The newly defined XML type myPC-Typconsists of all child elements of the type pc-Typand the element ram. The latter is xs:sequenceappended to the previous child elements , as in a definition.
Since there is no substitutability, an element of the type may pc-Typnot simply be used at a point where an element of the type is expected myPC-Typ.

Restriction of a type

By restricting existing types (Engl. Restriction ) can also be derived new definitions. For this purpose, all element definitions of the basic type must be repeated, modified by the more restrictive restrictions. The following example derives a new type myPC2-Typof pc-Typ.

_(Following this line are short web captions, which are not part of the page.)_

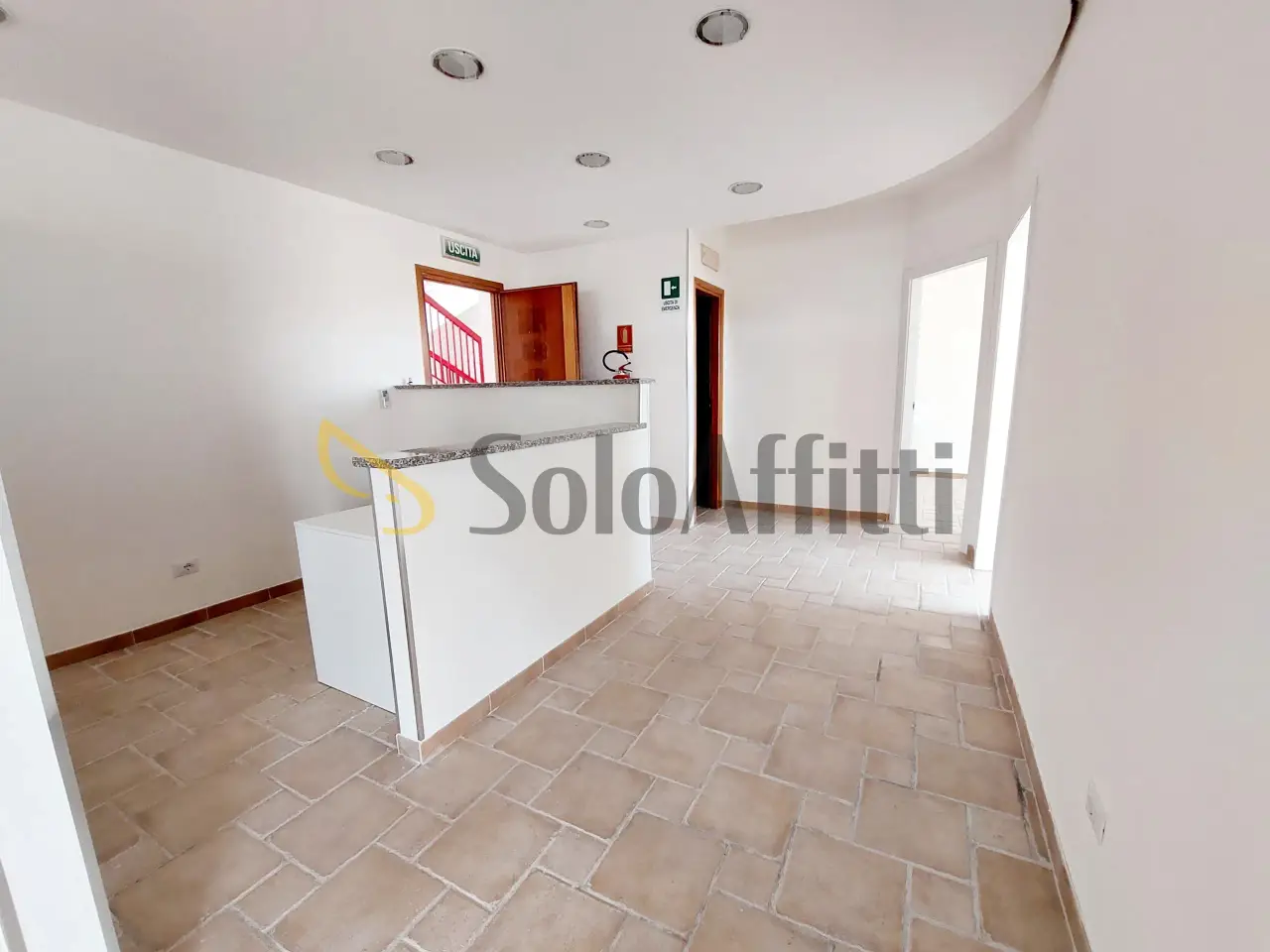 Ufficio in Viale Palmiro Togliatti 13, Civitavecchia, {3} - Foto 1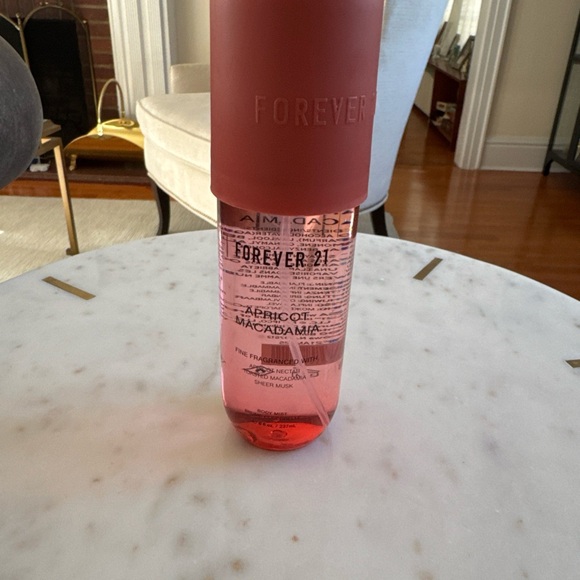 Forever 21 Apricot Macadamia body Mist 8 fl oz - Picture 6 of 6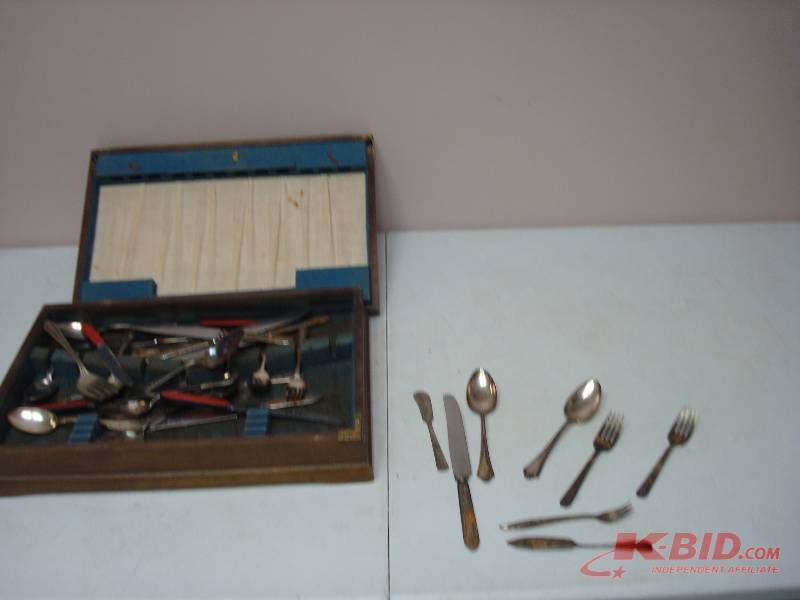 lot 142 image: Lot Of Silverware, Lot Of Wear To Box, Some Silver Plated
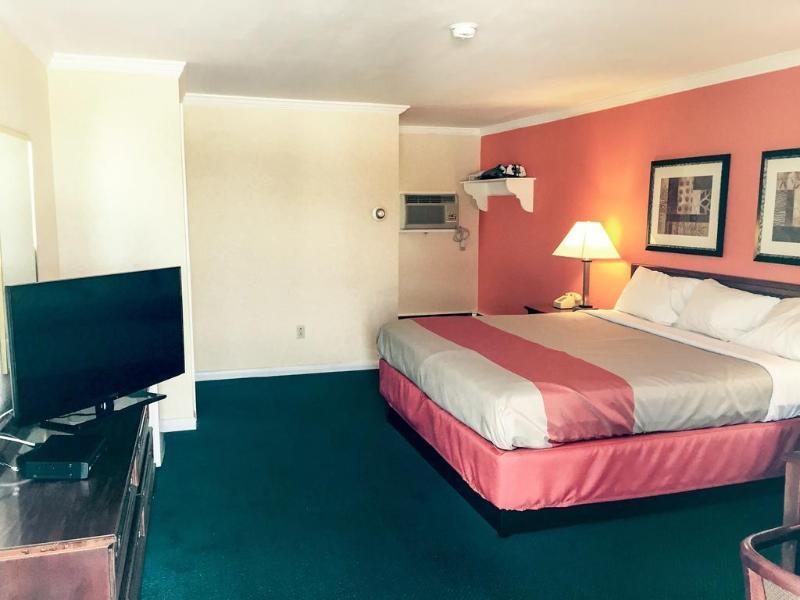 Wingate By Wyndham Hotel 3*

In this case, a maximum of one kommentarelement may appear (as opposed to any number for the type pc-Typ)

<xs:complexType name="myPC2-Typ">
  <xs:complexContent>
    <xs:restriction base="pc-Typ">
      <xs:sequence>
       <xs:element name="name"       type="xs:string"/>
       <xs:element name="hersteller" type="xs:string"/>
       <xs:element name="prozessor"  type="xs:string"/>
       <xs:element name="mhz"        type="xs:integer" minOccurs="0"/>
       <xs:element name="kommentar"  type="xs:string" minOccurs="0" maxOccurs="1"/>
      </xs:sequence>
    </xs:restriction>
  </xs:complexContent>
</xs:complexType>

In addition to restricting complex types, it is also possible to define new types as restricting simple types. An example of such a definition can already be found in the section on simple types. A new type monatIntis defined as a restriction of the Integer type to the value range 1–12. Basically, the following primitives are available to describe restrictions on simple types:

  • length, maxLength, minLength- Limits the length of a string or a list.
  • enumeration - Restriction by specifying alternative values
  • pattern- Restriction by specifying a regular expression
  • minExclusive, minInclusive, maxExclusive, maxInclusive- limitation of the value range.
  • totalDigits, fractionDigits- restriction of decimal places (total number and decimal places)
  • whiteSpace - Handling of spaces and tabs

The following examples illustrate the use of these components:

  • Body temperature, 3 decimal places, 1 decimal place, minimum and maximum value
<xs:simpleType name="celsiusKörperTemp">
  <xs:restriction base="xs:decimal">
    <xs:totalDigits value="3"/>
    <xs:fractionDigits value="1"/>
    <xs:minInclusive value="35.0"/>
    <xs:maxInclusive value="42.5"/>
  </xs:restriction>
</xs:simpleType>
  • German postcodes, optional " D " followed by five digits
<xs:simpleType name="plz">
   <xs:restriction base="xs:string">
     <xs:pattern value="(D )?[0-9]{5}"/>
   </xs:restriction>
</xs:simpleType>
  • Size specification
<xs:simpleType name="size">
  <xs:restriction base="xs:string">
    <xs:enumeration value="XS"/>
    <xs:enumeration value="S"/>
    <xs:enumeration value="M"/>
    <xs:enumeration value="L"/>
    <xs:enumeration value="XL"/>
  </xs:restriction>
</xs:simpleType>

When defining a type, it is possible to determine whether and in what way other XML element types may be derived from this type. For example, you can specify that pc-Typother types can only be derived from a type by setting further restrictions - and not by adding new child elements.

Element definition

As explained in the previous section, XML Schema allows you to define new XML data types and use them when defining your own XML elements. The following example illustrates the use of the type already defined pc-Typwithin a list of pc elements:

<xs:element name="pc-liste">
  <xs:complexType>
    <xs:sequence>
      <xs:element name="pc" type="pc-Typ" maxOccurs="unbounded"/>
    </xs:sequence>
  </xs:complexType>
</xs:element>

A corresponding XML element could look like this:

<pc-liste>
  <pc>
    <name>Dimension 3100 </name>
    <hersteller>Dell</hersteller>
    <prozessor>AMD</prozessor>
    <mhz>3060</mhz>
    <kommentar>Arbeitsplatzrechner</kommentar>
  </pc>
  <pc>
    <name>T 42</name>
    <hersteller>IBM</hersteller>
    <prozessor>Intel</prozessor>
    <mhz>1600</mhz>
    <kommentar>Laptop</kommentar>
  </pc>
</pc-liste>

In this example, the specification of the anonymous list type is done directly within the element definition , while the specification of the pc type is done externally.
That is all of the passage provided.